Items listed in a dataset
══════════════════════════════
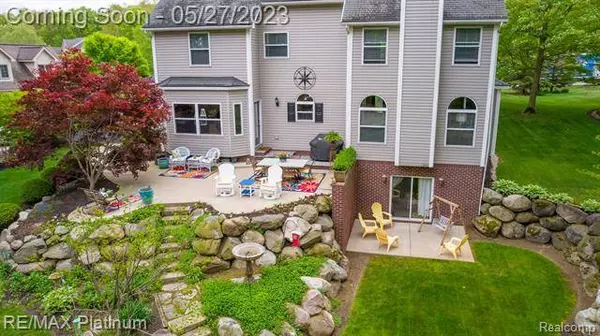 9113 Blue Ridge Drive, Brighton, MI 48116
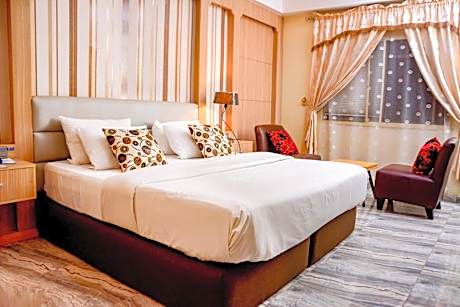 GolfView Suites & Conference Center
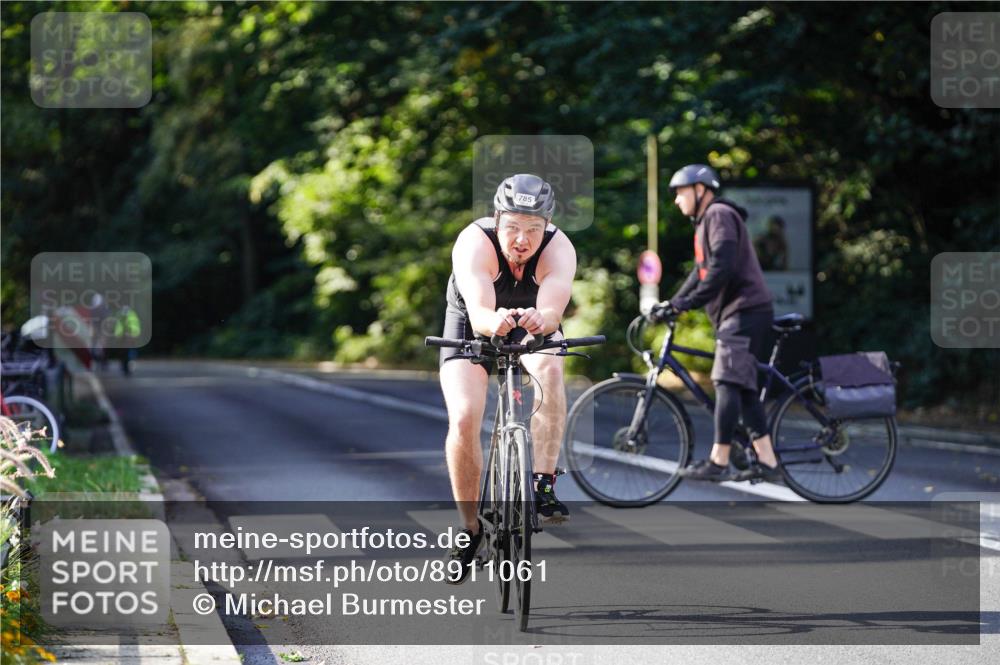 14.09.2025 - Stadtparktriathlon Michael Burmester http://msf.ph/oto/8911061 14.09.2025 10:59:37 Radfahren 698, 785 meine-sportfotos.de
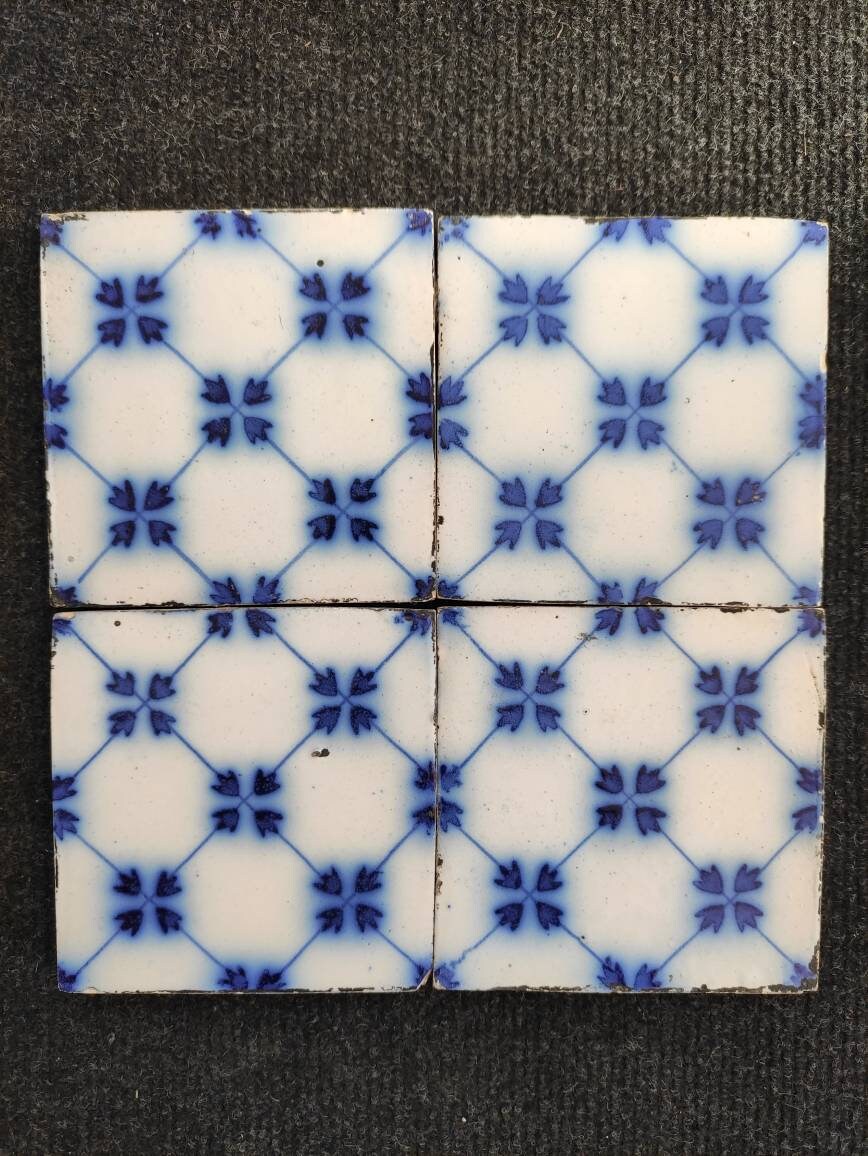 Un Ensemble de 4 Carreaux à Motifs Français, Napoléon Iii, Français Rares Desvres Fourmaintraux, Ant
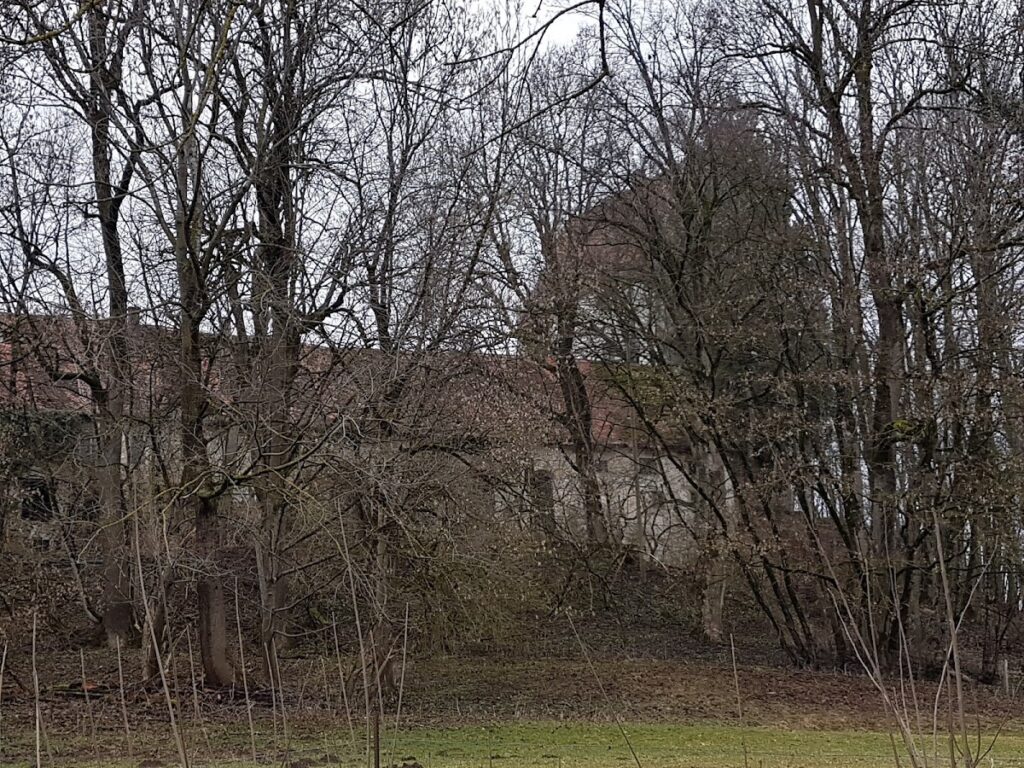 Schloss Mattsies: A Historic Castle in Tussenhausen, Germany 2 Schloss Mattsies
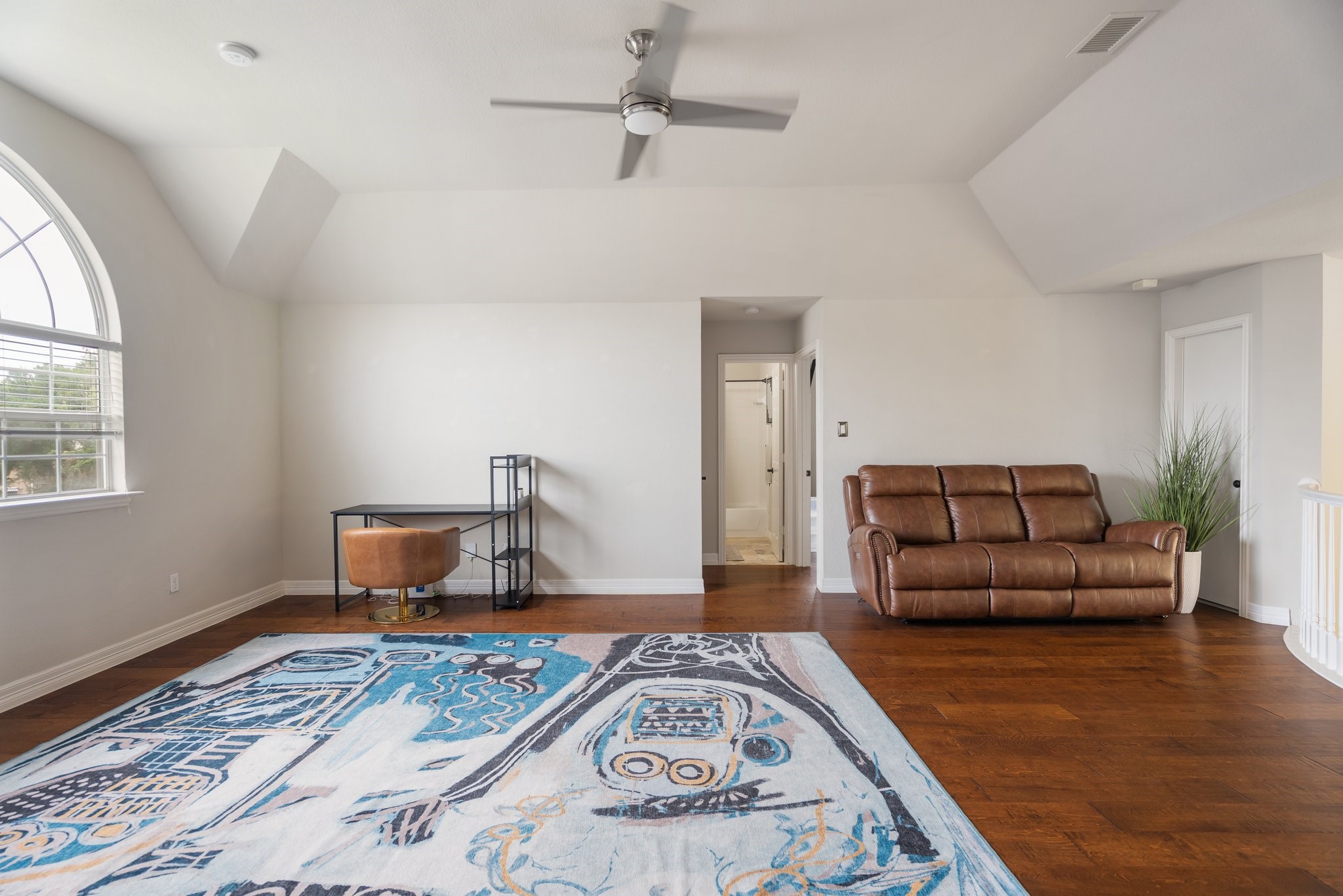 8400 Halliford Court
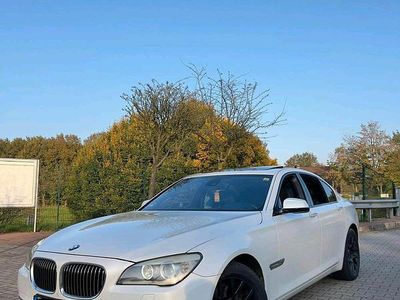 BMW 740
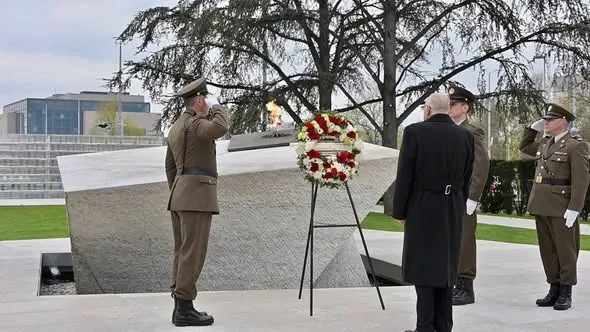 عطاف يضع إكليل من الزهور أمام النصب التذكاري لضحايا حرب الاستقلال الكرواتي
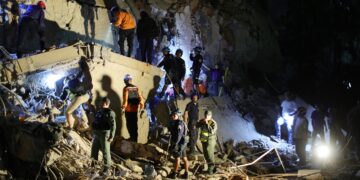 With little official help, Venezuelans in earthquakes rescue themselves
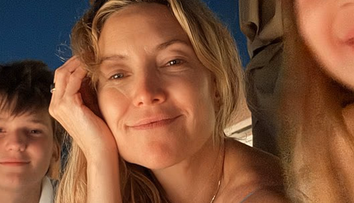 Kate Hudson, vacanță pe o insulă din Grecia frecventată de mulți români. Cum arată actrița la plajă, la 47 de ani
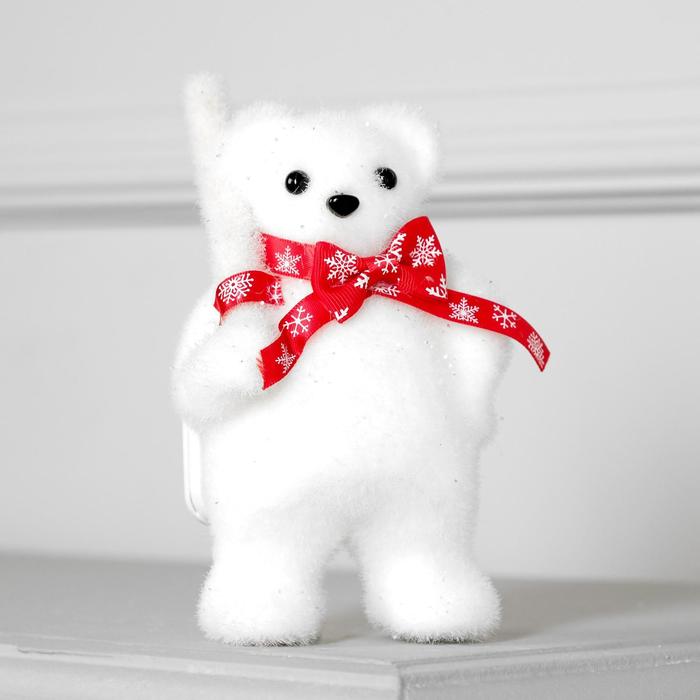 Светодиодная фигура «Медведь с посохом» 9 × 15 × 6 см, флок, батарейки CR2032х2 (не в комплекте), свечение тёплое белое - фото 1885060662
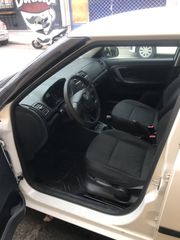 Skoda Fabia 2012-thumb-4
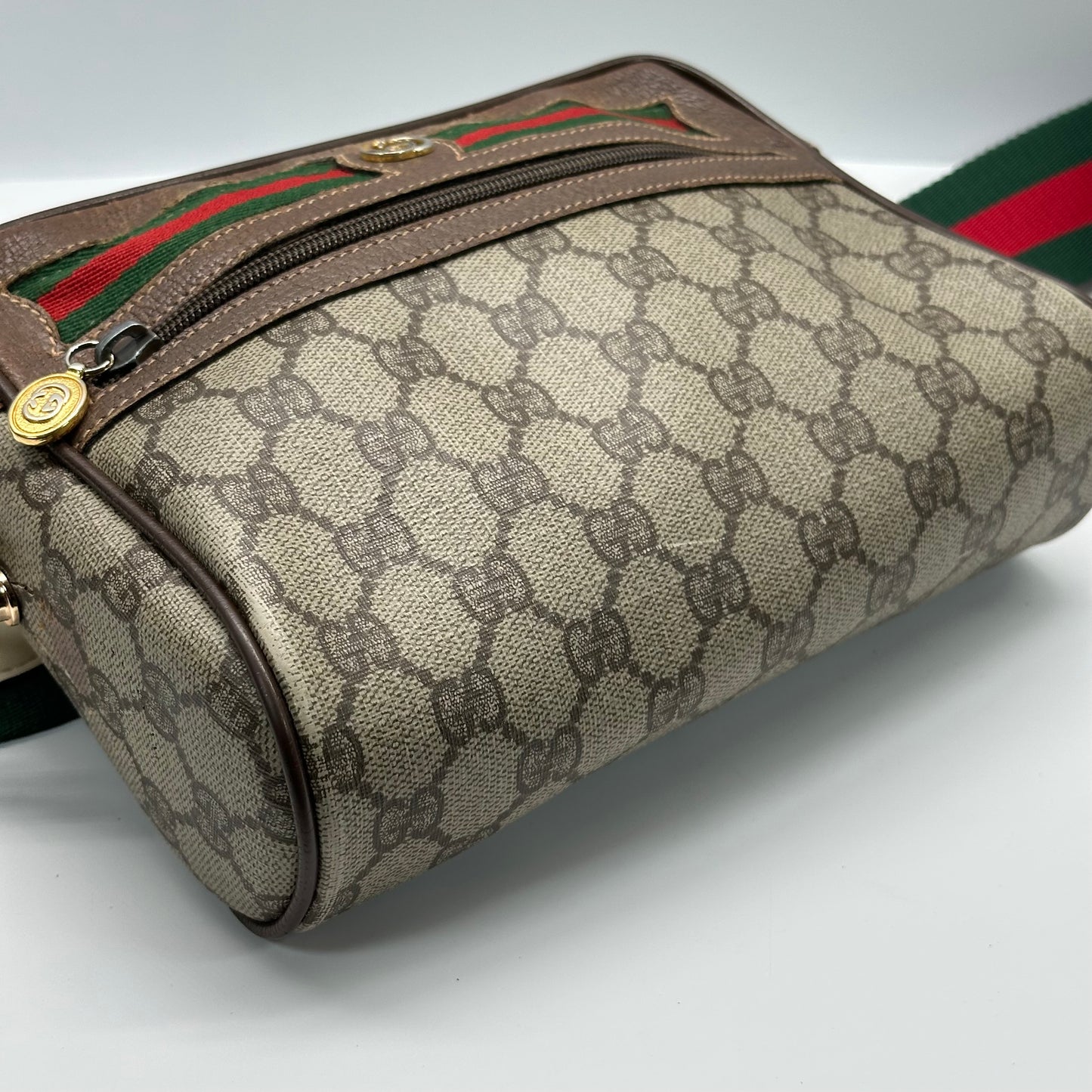 Authentic GUCCI Vintage GG Zipper Pouch Crossbody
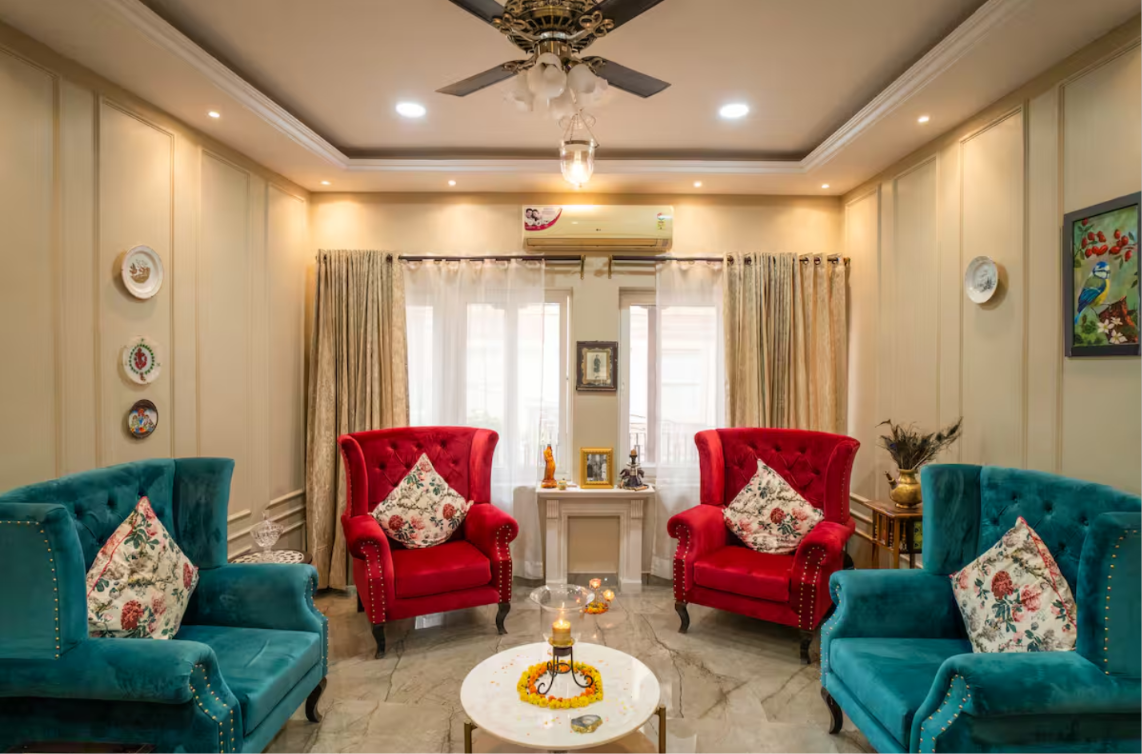 Heritage Homestay Inside a Living Havelis Lane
══════════════════════════════
▶ [Required action]
Leaving every picture out, return the lines from the one containing "With little official" through the last line of the records exactly.

▶ [Response]
 With little official help, Venezuelans in earthquakes rescue themselves
 Kate Hudson, vacanță pe o insulă din Grecia frecventată de mulți români. Cum arată actrița la plajă, la 47 de ani
 Светодиодная фигура «Медведь с посохом» 9 × 15 × 6 см, флок, батарейки CR2032х2 (не в комплекте), свечение тёплое белое - фото 1885060662
 Skoda Fabia 2012-thumb-4
 Authentic GUCCI Vintage GG Zipper Pouch Crossbody
 Heritage Homestay Inside a Living Havelis Lane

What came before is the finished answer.